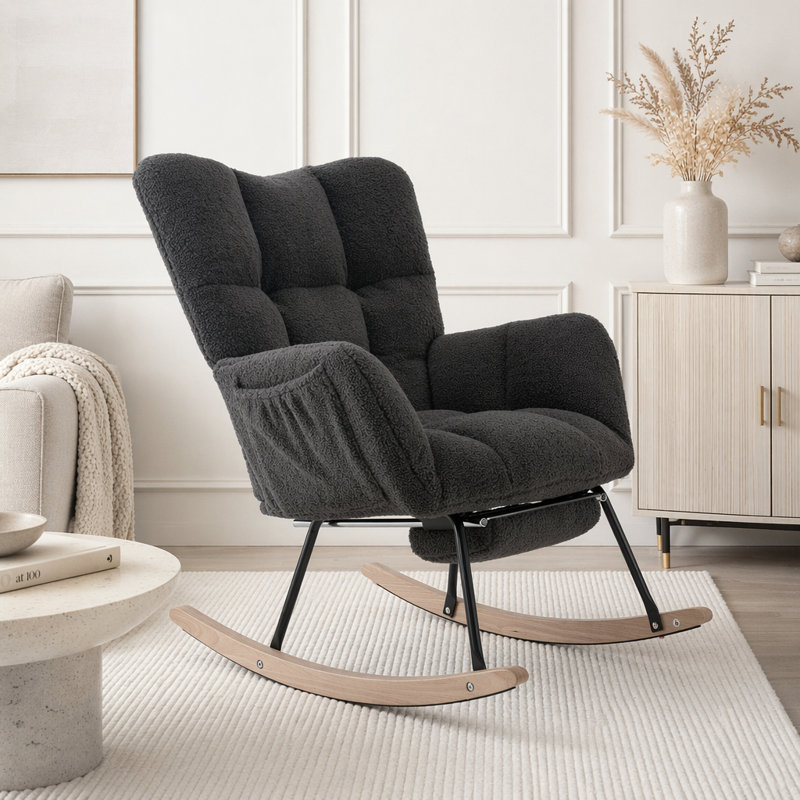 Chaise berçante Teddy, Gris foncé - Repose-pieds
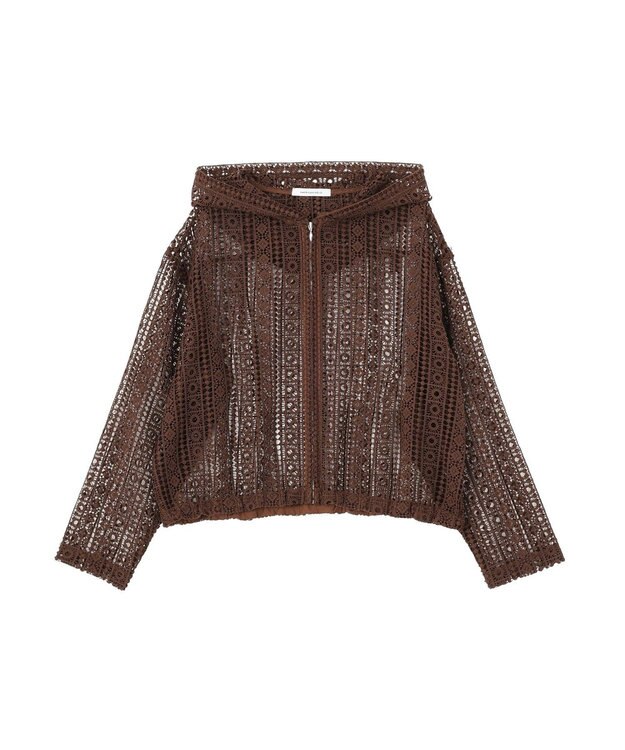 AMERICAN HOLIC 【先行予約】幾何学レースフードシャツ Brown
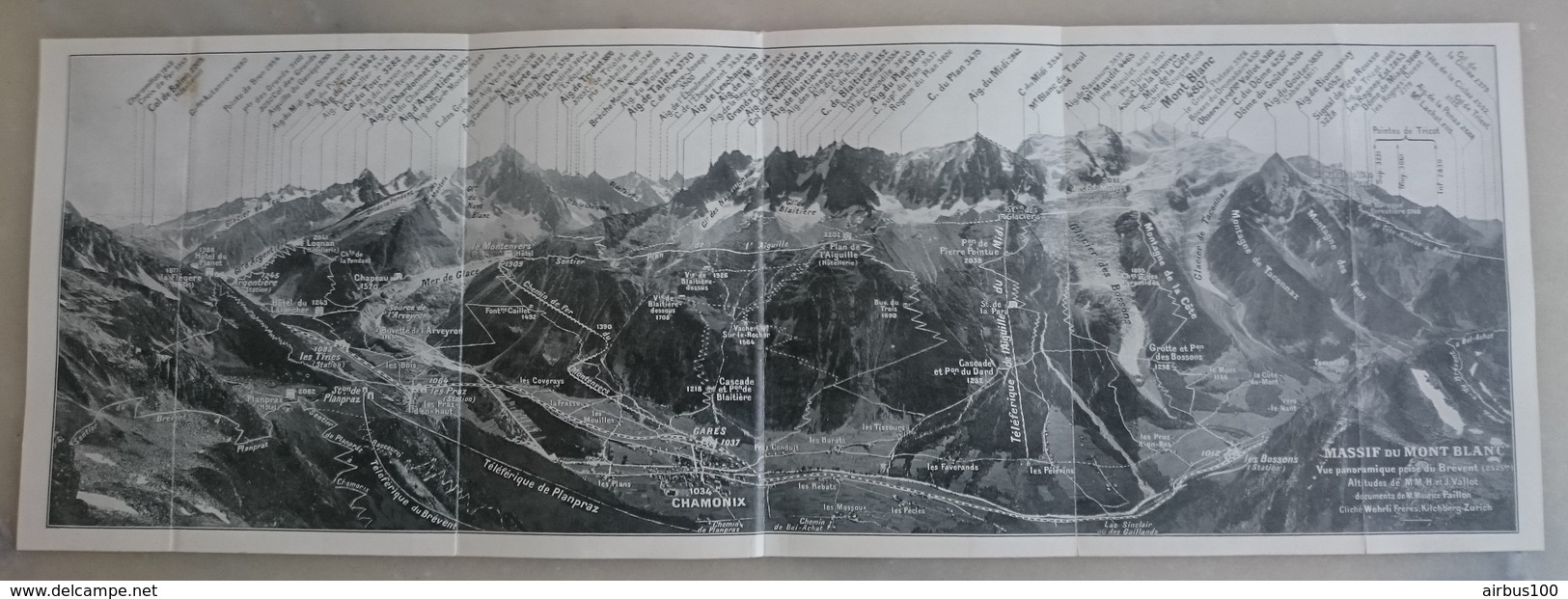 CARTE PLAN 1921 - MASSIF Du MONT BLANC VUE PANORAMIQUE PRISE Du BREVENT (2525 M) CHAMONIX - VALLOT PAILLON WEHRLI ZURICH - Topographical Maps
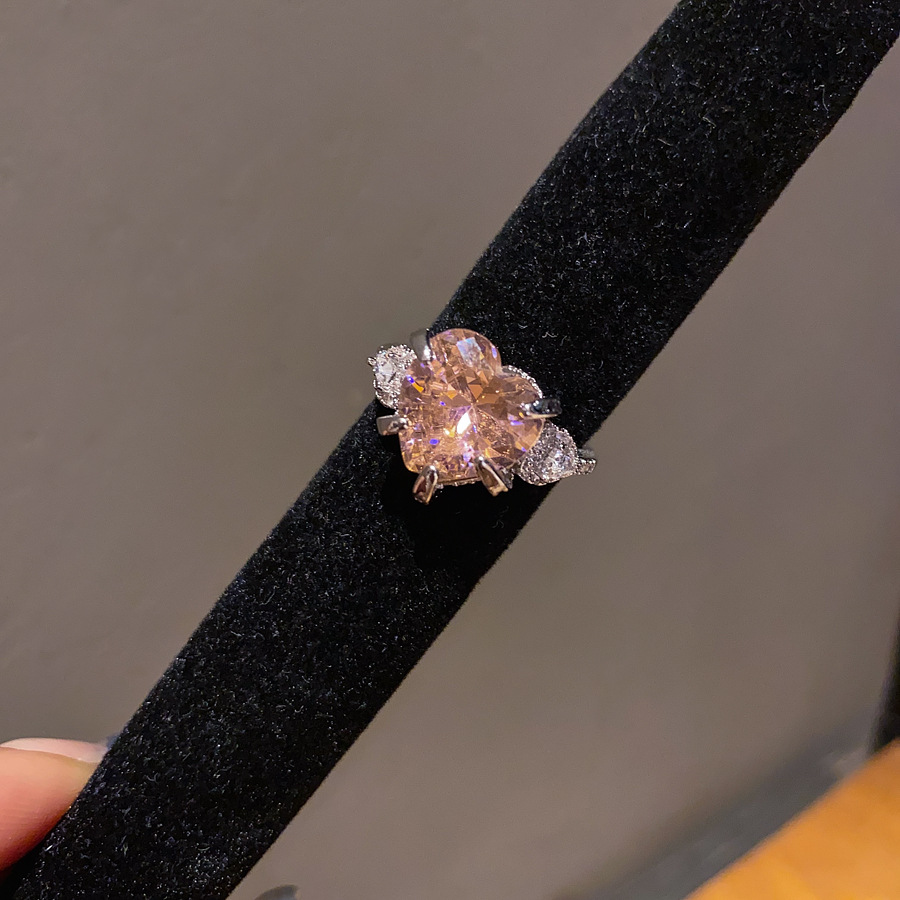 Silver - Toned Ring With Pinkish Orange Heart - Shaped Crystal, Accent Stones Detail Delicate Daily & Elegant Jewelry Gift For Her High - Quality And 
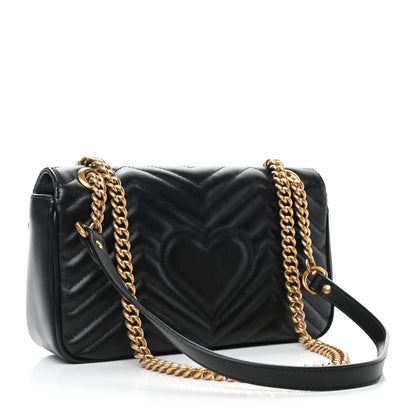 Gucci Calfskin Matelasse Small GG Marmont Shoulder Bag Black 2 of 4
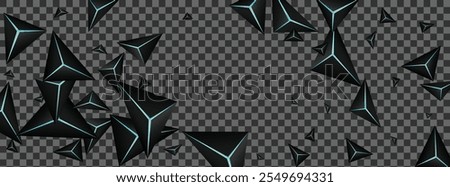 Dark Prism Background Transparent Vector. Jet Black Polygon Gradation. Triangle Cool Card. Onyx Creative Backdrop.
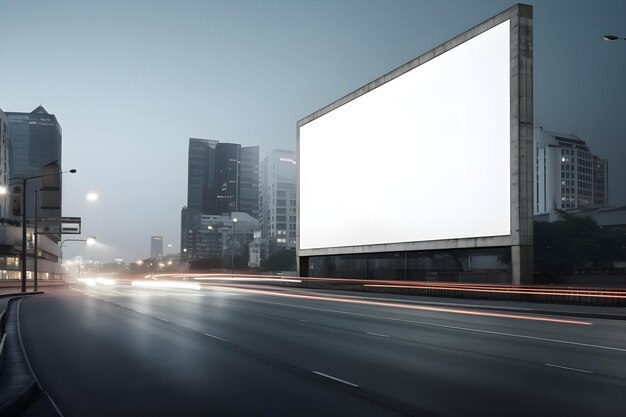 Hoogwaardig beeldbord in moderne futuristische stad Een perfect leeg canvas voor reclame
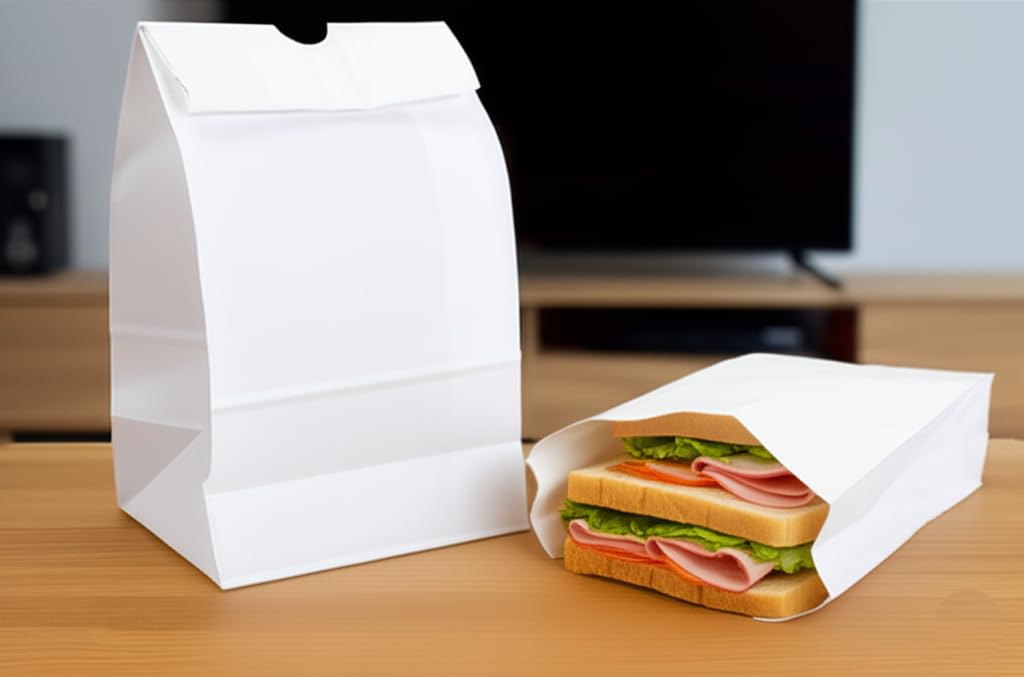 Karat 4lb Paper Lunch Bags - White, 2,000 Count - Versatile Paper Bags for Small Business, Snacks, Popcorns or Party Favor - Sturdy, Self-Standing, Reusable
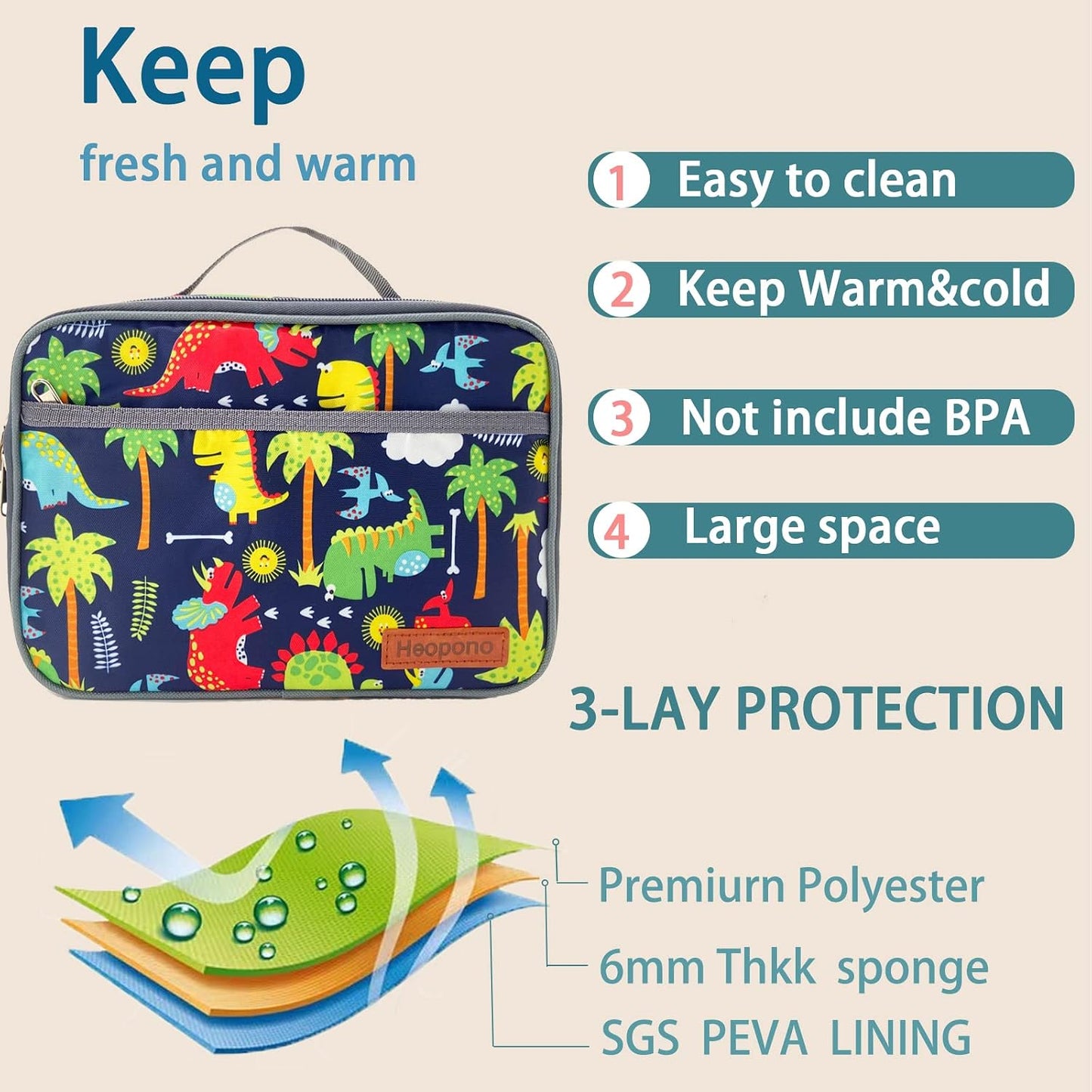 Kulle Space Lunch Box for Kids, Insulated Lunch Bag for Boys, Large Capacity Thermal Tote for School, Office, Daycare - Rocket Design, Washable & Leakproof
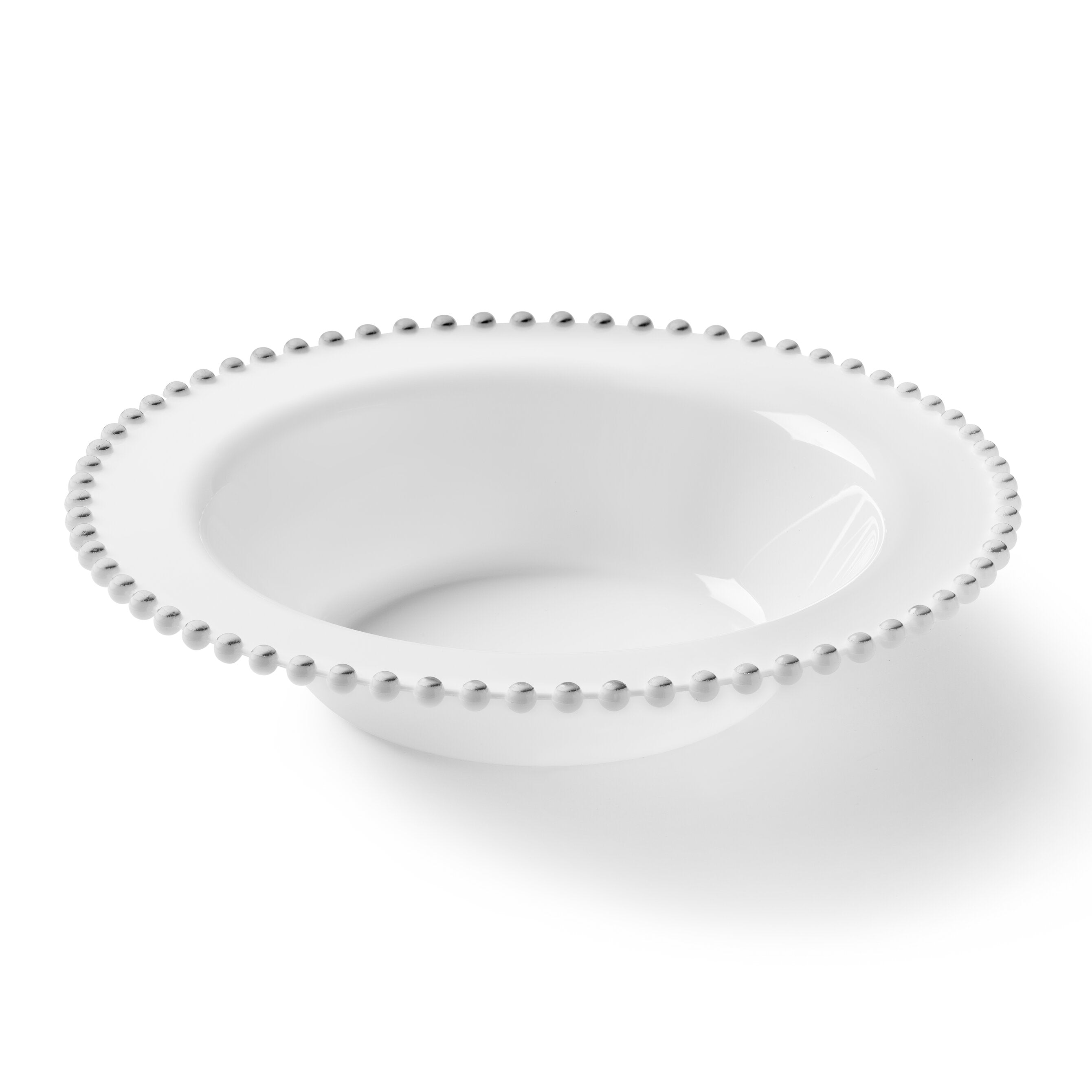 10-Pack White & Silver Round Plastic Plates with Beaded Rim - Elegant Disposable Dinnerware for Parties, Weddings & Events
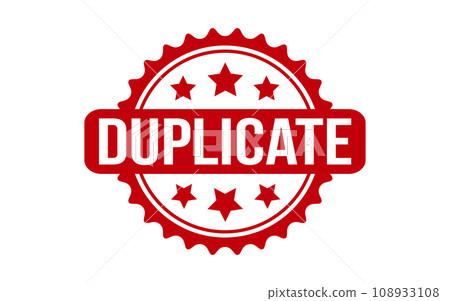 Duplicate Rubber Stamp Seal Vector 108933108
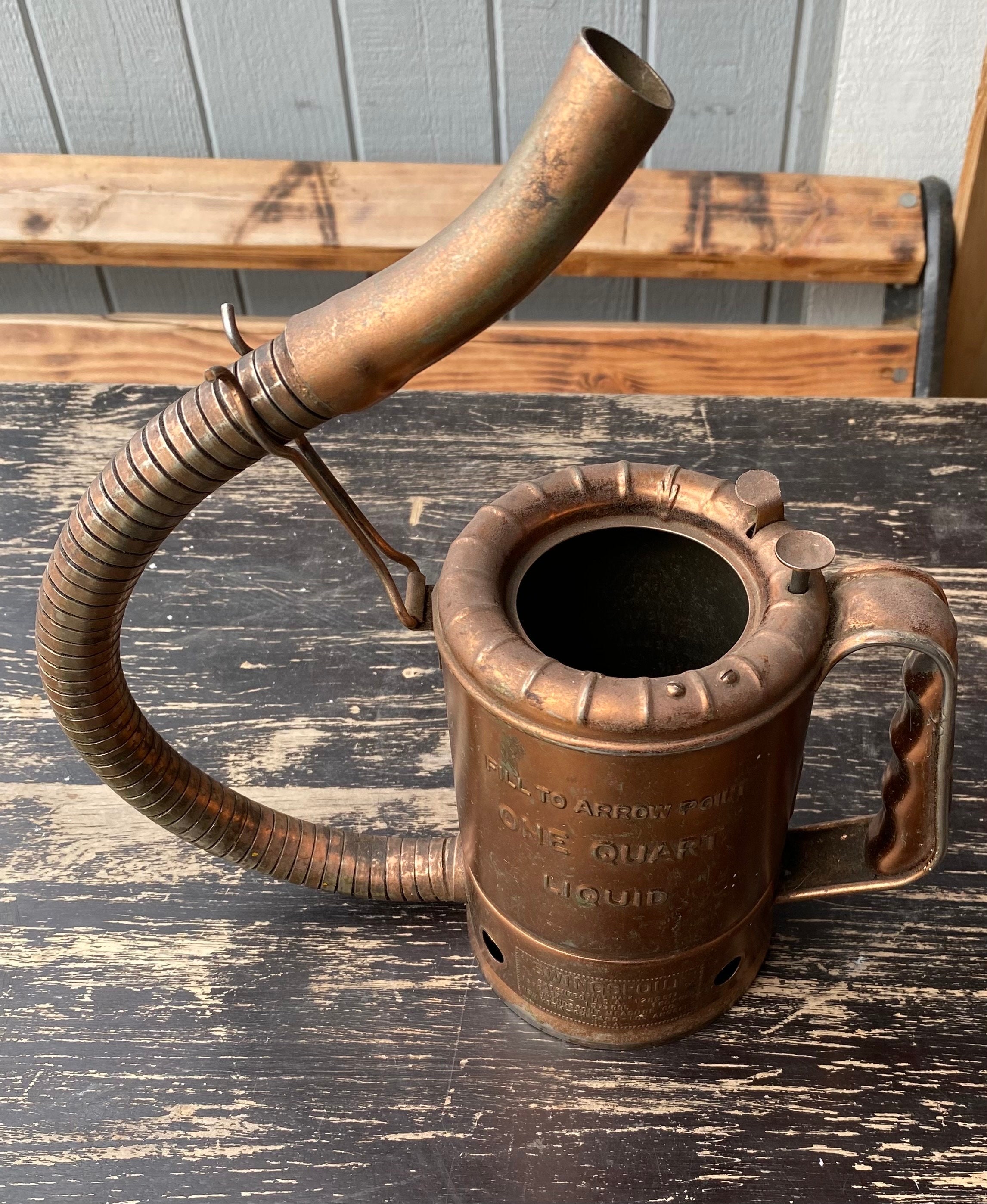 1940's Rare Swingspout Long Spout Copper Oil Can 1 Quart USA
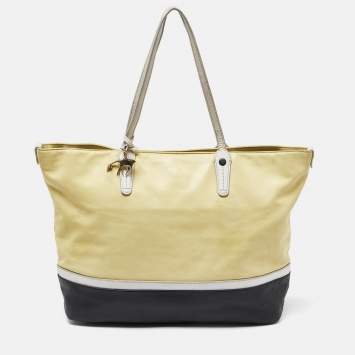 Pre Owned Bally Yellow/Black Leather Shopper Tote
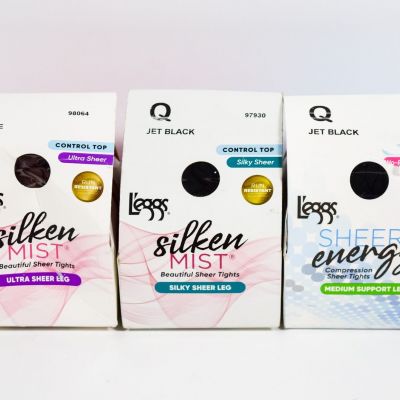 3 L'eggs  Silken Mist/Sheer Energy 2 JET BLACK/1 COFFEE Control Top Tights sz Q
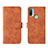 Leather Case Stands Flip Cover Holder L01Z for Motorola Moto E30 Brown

> _What to produce_: Return exactly the lines running from the line with "Duplicate Rubber Stamp Seal Vector 108933108" through the final line of the listing. Leave the pictures out.

> _Written reply_:
 Duplicate Rubber Stamp Seal Vector 108933108
 1940's Rare Swingspout Long Spout Copper Oil Can 1 Quart USA
 Pre Owned Bally Yellow/Black Leather Shopper Tote
 3 L'eggs  Silken Mist/Sheer Energy 2 JET BLACK/1 COFFEE Control Top Tights sz Q
 Leather Case Stands Flip Cover Holder L01Z for Motorola Moto E30 Brown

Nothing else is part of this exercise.